Peninggalan tersebut erat hubungannya dengan ajaran Weda, karena pada jaman ini telah dikenal
adanya penyembahan terhadap Dewa-dewa.
1. Jaman Weda
Jaman Weda dimulai pada waktu bangsa
Arya berada di Punjab di Lembah Sungai
Sindhu, sekitar 2500 s.d 1500 tahun
sebelum Masehi, setelah mendesak
bangsa Dravida kesebelah Selatan sampai
ke dataran tinggi Dekkan. bangsa Arya
telah memiliki peradaban tinggi, mereka
menyembah Dewa-dewa seperti Agni,
Varuna, Vayu, Indra, Siwa dan
sebagainya. Walaupun Dewa-dewa itu
banyak, namun semuanya adalah
manifestasi dan perwujudan Tuhan Yang
Maha Tunggal. Tuhan yang Tunggal dan
Maha Kuasa dipandang sebagai pengatur
tertib alam semesta, yang disebut “Rta”.
Pada jaman ini, masyarakat dibagi atas
kaum Brahmana, Ksatriya, Vaisya dan
Sudra.
2. Jaman Brahmana
Pada Jaman Brahmana, kekuasaan kaum
Brahmana amat besar pada kehidupan
keagamaan, kaum brahmanalah yang
mengantarkan persembahan orang kepada
para Dewa pada waktu itu. Jaman
Brahmana ini ditandai pula mulai
tersusunnya “Tata Cara Upacara”
beragama yang teratur. Kitab Brahmana,
adalah kitab yang menguraikan tentang
saji dan upacaranya.
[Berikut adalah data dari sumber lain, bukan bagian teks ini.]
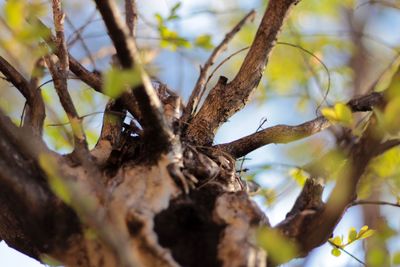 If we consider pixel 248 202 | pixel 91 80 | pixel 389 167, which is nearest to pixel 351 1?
pixel 389 167

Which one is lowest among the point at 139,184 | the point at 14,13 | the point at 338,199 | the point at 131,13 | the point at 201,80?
the point at 338,199

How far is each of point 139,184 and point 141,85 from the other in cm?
21

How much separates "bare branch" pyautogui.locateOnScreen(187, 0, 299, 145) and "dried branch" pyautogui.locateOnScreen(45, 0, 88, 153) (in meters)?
0.34

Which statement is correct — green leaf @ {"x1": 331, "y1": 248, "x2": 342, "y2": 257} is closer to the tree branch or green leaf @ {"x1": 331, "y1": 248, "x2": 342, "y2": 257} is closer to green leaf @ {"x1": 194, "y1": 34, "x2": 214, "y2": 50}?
the tree branch

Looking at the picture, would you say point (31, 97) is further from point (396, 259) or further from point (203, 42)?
point (396, 259)

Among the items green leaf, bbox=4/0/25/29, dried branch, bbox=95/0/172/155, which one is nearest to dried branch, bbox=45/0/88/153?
dried branch, bbox=95/0/172/155

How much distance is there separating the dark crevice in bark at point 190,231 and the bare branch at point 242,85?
0.32 metres

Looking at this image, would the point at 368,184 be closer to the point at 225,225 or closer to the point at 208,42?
the point at 208,42

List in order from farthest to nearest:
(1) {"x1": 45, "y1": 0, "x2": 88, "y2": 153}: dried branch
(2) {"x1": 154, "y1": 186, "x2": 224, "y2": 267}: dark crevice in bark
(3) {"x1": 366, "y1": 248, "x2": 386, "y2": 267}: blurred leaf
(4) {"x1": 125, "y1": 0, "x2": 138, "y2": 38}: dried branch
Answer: (4) {"x1": 125, "y1": 0, "x2": 138, "y2": 38}: dried branch → (1) {"x1": 45, "y1": 0, "x2": 88, "y2": 153}: dried branch → (2) {"x1": 154, "y1": 186, "x2": 224, "y2": 267}: dark crevice in bark → (3) {"x1": 366, "y1": 248, "x2": 386, "y2": 267}: blurred leaf

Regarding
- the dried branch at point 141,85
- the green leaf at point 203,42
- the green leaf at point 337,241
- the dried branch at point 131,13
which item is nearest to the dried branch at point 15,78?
the dried branch at point 141,85

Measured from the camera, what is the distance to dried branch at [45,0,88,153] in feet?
3.23

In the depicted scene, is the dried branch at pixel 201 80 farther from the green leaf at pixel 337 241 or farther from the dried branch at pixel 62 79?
the green leaf at pixel 337 241

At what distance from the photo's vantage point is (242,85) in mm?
1312

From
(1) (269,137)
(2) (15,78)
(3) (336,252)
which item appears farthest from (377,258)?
(2) (15,78) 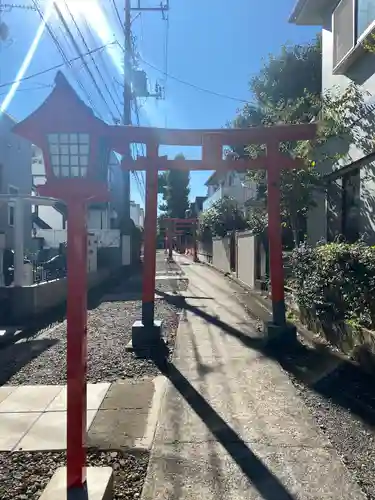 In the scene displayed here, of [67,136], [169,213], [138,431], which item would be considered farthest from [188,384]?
[169,213]

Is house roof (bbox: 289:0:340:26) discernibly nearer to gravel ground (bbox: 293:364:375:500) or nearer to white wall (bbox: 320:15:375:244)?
white wall (bbox: 320:15:375:244)

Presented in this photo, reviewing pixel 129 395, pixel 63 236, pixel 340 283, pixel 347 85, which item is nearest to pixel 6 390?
pixel 129 395

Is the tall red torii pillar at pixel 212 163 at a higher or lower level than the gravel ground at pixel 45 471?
higher

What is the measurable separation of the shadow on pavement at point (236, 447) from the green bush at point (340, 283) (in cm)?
241

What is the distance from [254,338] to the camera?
771cm

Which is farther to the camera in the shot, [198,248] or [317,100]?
[198,248]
Penyusunan tentang
Tata Cara Upacara agama berdasarkan
wahyu-wahyu Tuhan yang termuat di
dalam ayat-ayat Kitab Suci Weda.
3. Jaman Upanisad
Pada Jaman Upanisad, yang dipentingkan
tidak hanya terbatas pada Upacara dan
Saji saja, akan tetapi lebih meningkat
pada pengetahuan bathin yang lebih
tinggi, yang dapat membuka tabir rahasia
alam gaib. Jaman Upanisad ini adalah
jaman pengembangan dan penyusunan
falsafah agama, yaitu jaman orang
berfilsafat atas dasar Weda. Pada jaman
ini muncullah ajaran filsafat yang tinggi-
tinggi, yang kemudian dikembangkan
pula pada ajaran Darsana, Itihasa dan
Purana. Sejak jaman Purana, pemujaan
Tuhan sebagai Tri Murti menjadi umum.
4. Jaman Budha
Pada Jaman Budha ini, dimulai ketika
putra Raja Sudhodana yang bernama
“Sidharta”, menafsirkan Weda dari sudut
logika dan mengembangkan sistem yoga
dan semadhi, sebagai jalan untuk
menghubungkan diri dengan Tuhan.
Agama Hindu makin lama semakin
menyebar mulai dari India Selatan hingga
keluar dari India dengan berbagai cara,
terutama melalui perdagangan bebas
Internasional. Dalam suatu penggalian di
Mesir ditemukan sebuah inskripsi yang
diketahui berangka tahun 1200 SM. Isinya
adalah perjanjian antara Ramses
II dengan Hittites. Dalam perjanjian ini
“Maitra Waruna” yaitu gelar manifestasi
2. Sang Hyang Widhi Wasa menurut agama
Hindu yang disebut- sebut dalam Weda
dianggap sebagai saksi.
Gurun Sahara yang terdapat di
Afrika Utara menurut penelitian Geologi
adalah bekas lautan yang sudah mengering.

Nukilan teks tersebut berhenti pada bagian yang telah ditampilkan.